State of Grace: Girls just wanna have funds

Grace Krumplitsch, Editor-in-Chief

When I cashed my first paycheck from my part-time job at a workout studio nearly two years ago, I felt overjoyed to have a sense of responsibility as it meant I was able to begin saving money of my own for college and to have a little more fiscal freedom at the Corte Madera shopping center. 

Part of that initial excitement quickly turned into confusion when my best friend and I looked through our paystubs and realized how many terms and concepts we were unfamiliar with because, for the majority of our lives, we had been told that money was an inappropriate topic to discuss.

Women hold between 5% and 12% of the top executive positions in the S&P 500, according to the Pew Research Center. This large gender equality is credited to the fact that young men are taught about finances and begin investing in the stock market typically far sooner than young women. 
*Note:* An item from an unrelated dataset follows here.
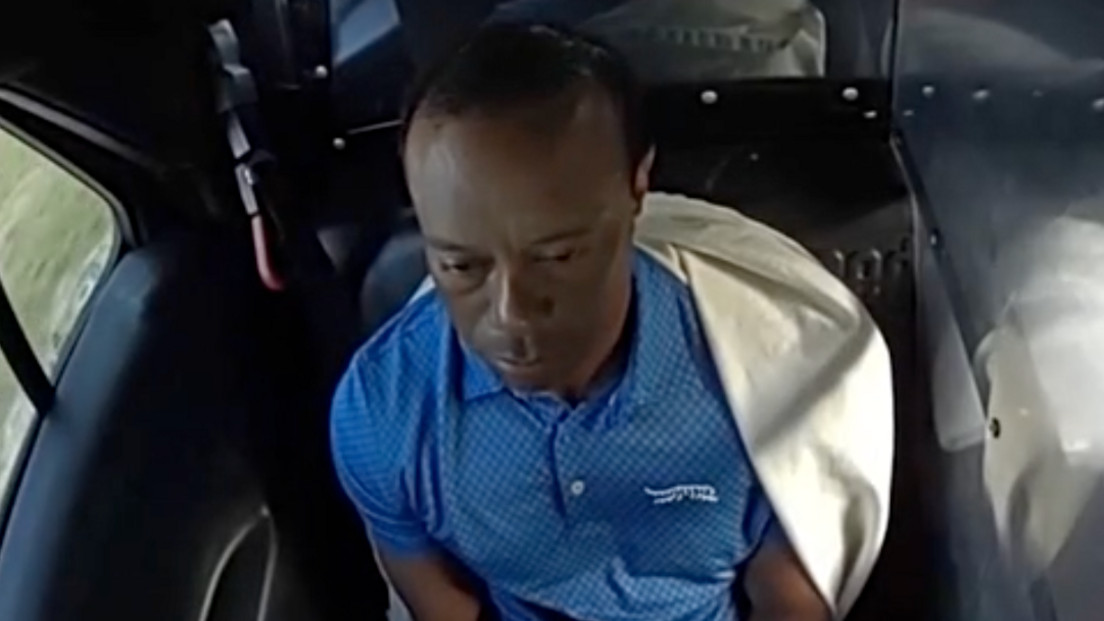 Tiger Woods sits in the back of a police car after being arrested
Carrie Schwab Pomerantz, a philanthropist and financial literacy advocate, conducted a survey of 2,000 young adults between the ages of 16 through 25 to gage a sense of their financial independence and general knowledge thereof. Fifty-one percent of females said that financial independence and being able to fully support oneself without parental support is an important measurement of success — only 40% of males in the survey agreed with this statement. 

Contrastingly, the average male reported to have $2,000 of savings while the average female had roughly $1,300, and young men doubled the number of young women who had created investment portfolios.  

The key to breaking down the barriers of gender inequality in the workplace begins at home and inside the classroom. Children and teens should be taught basic financial literacy skills and feel comfortable asking questions so that they are set up for success later in life in professional environments. 

Young women have the power to change the world, but to do that we must educate ourselves on financial matters and make time to ask those tougher questions in order to feel confident as young adults entering the professional world.